◆ What this task involves ◆
Beginning with the line that contains "Free Baby Elephant", repeat each line exactly through the end of the listing below. Pictures stay out.

◆ Data excerpt ◆
*****

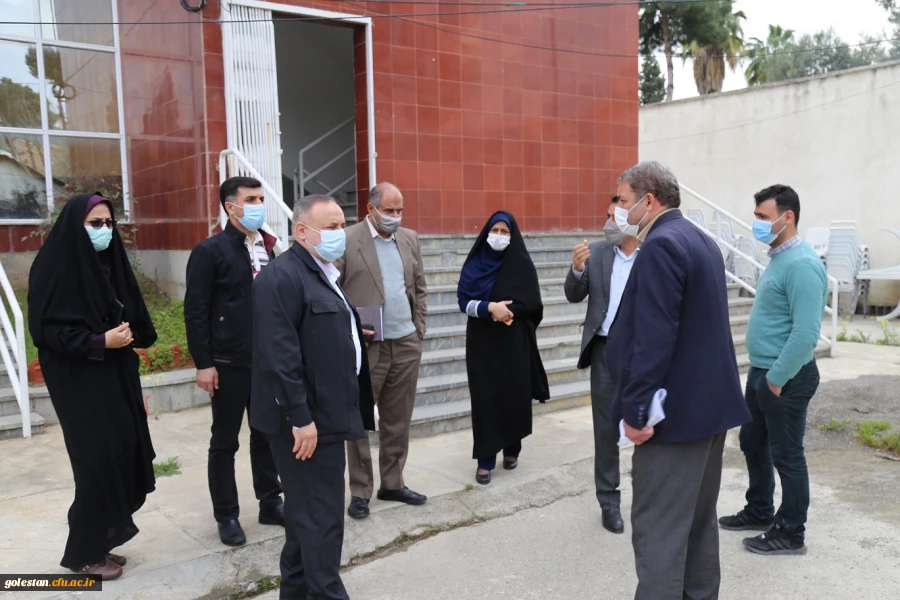 بازدید سرپرست دانشگاه فرهنگیان استان گلستان  از پردیس امام خمینی (ره) گرگان. 2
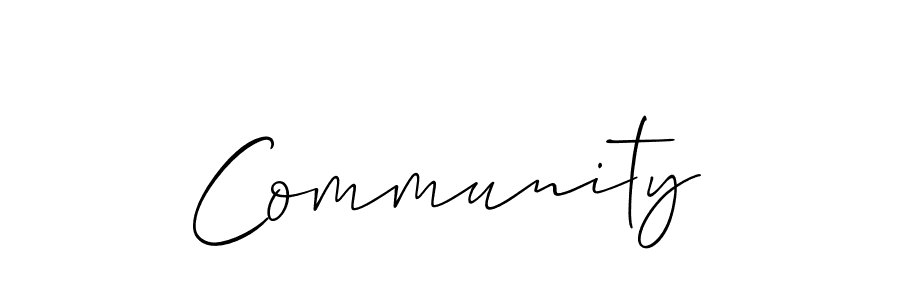 How to make Community name signature. Use Allison_Script style for creating short signs online. This is the latest handwritten sign. Community signature style 2 images and pictures png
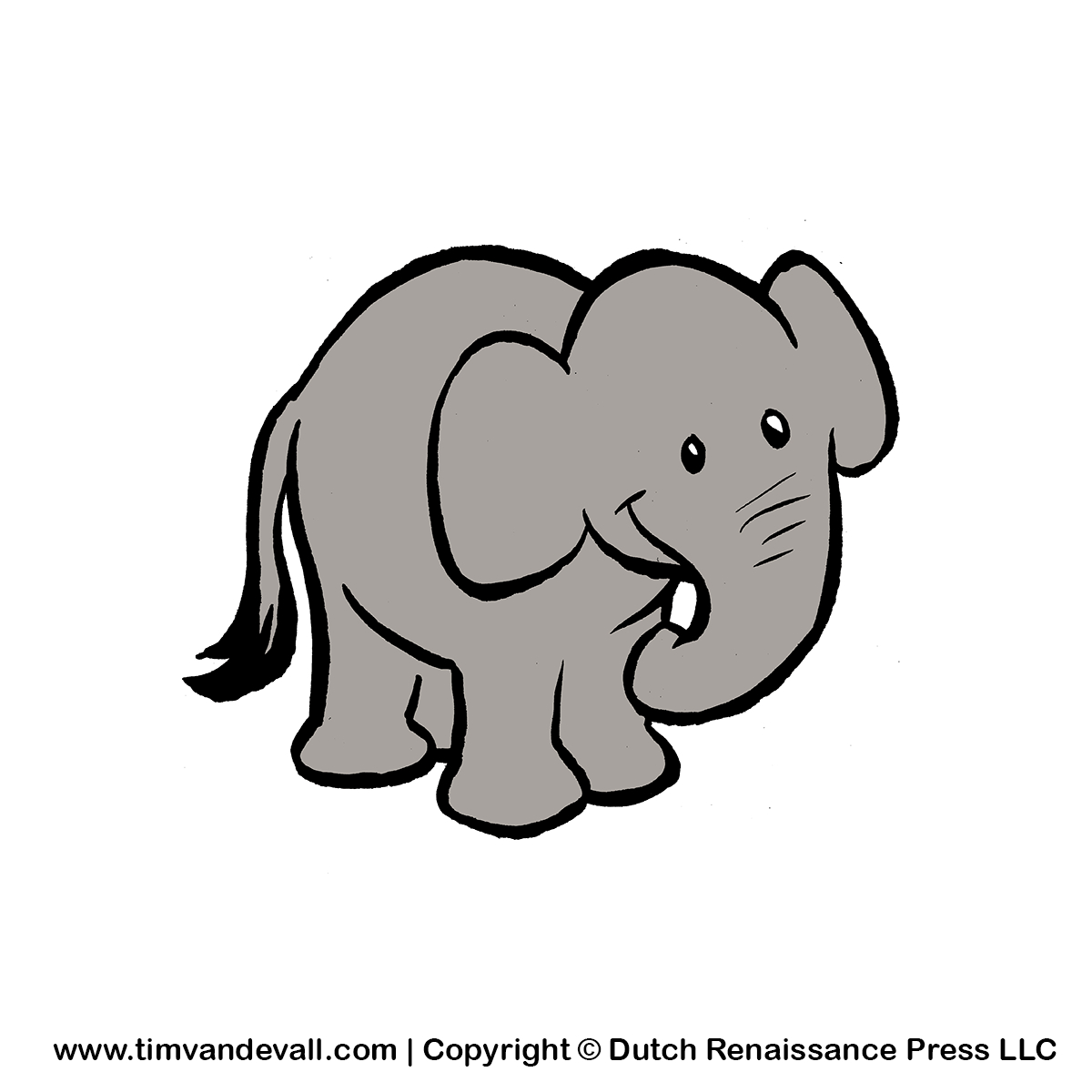 Free Baby Elephant Clipart For Kids Printable Animal Clip Art - Free Printable Elephant Pictures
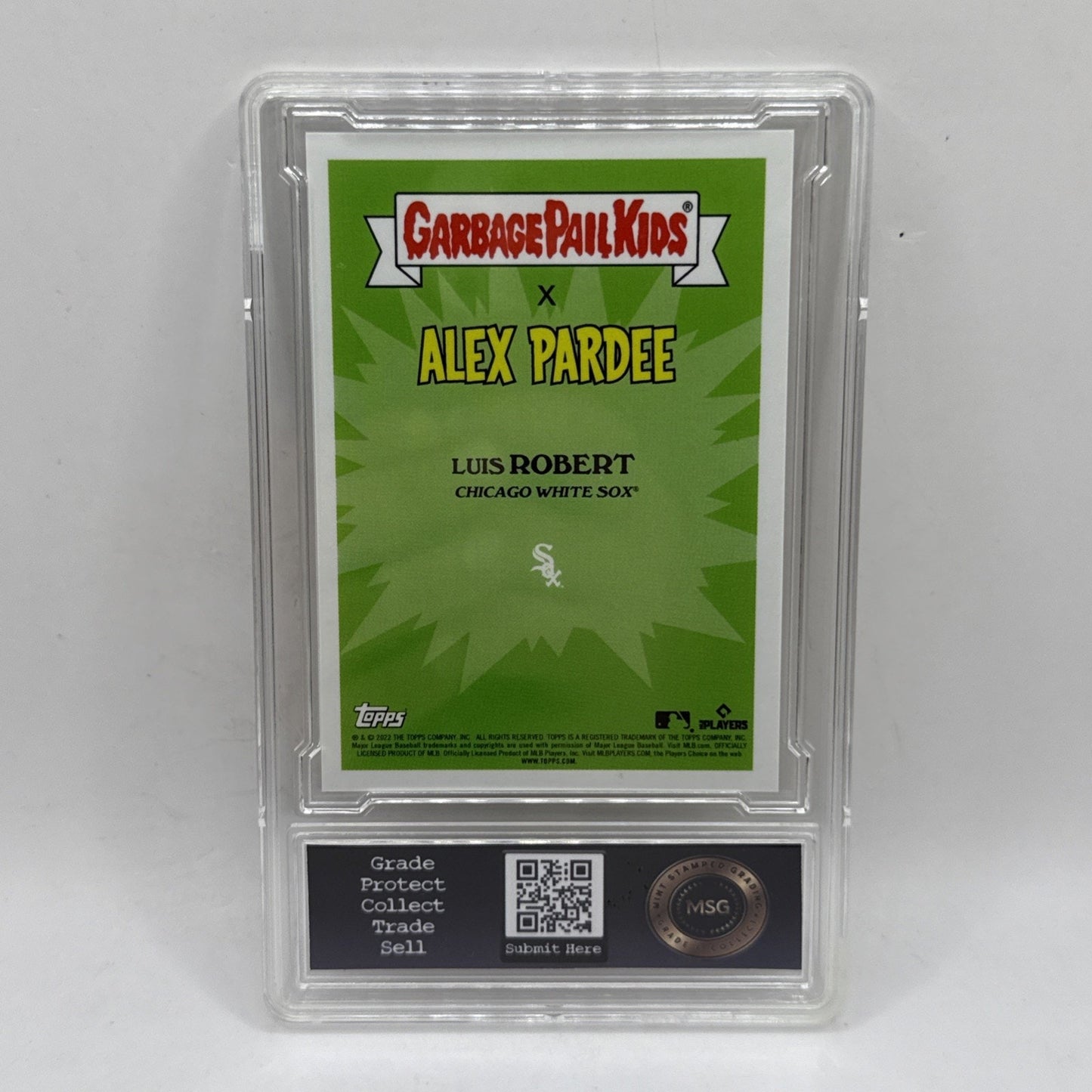 2022 Garbage Pail Kids x MLB, Rough ROBERT #13a Luis Robert Graded 9 Mint GPK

*****

◆ Reply to the task ◆
 Free Baby Elephant Clipart For Kids Printable Animal Clip Art - Free Printable Elephant Pictures
 2022 Garbage Pail Kids x MLB, Rough ROBERT #13a Luis Robert Graded 9 Mint GPK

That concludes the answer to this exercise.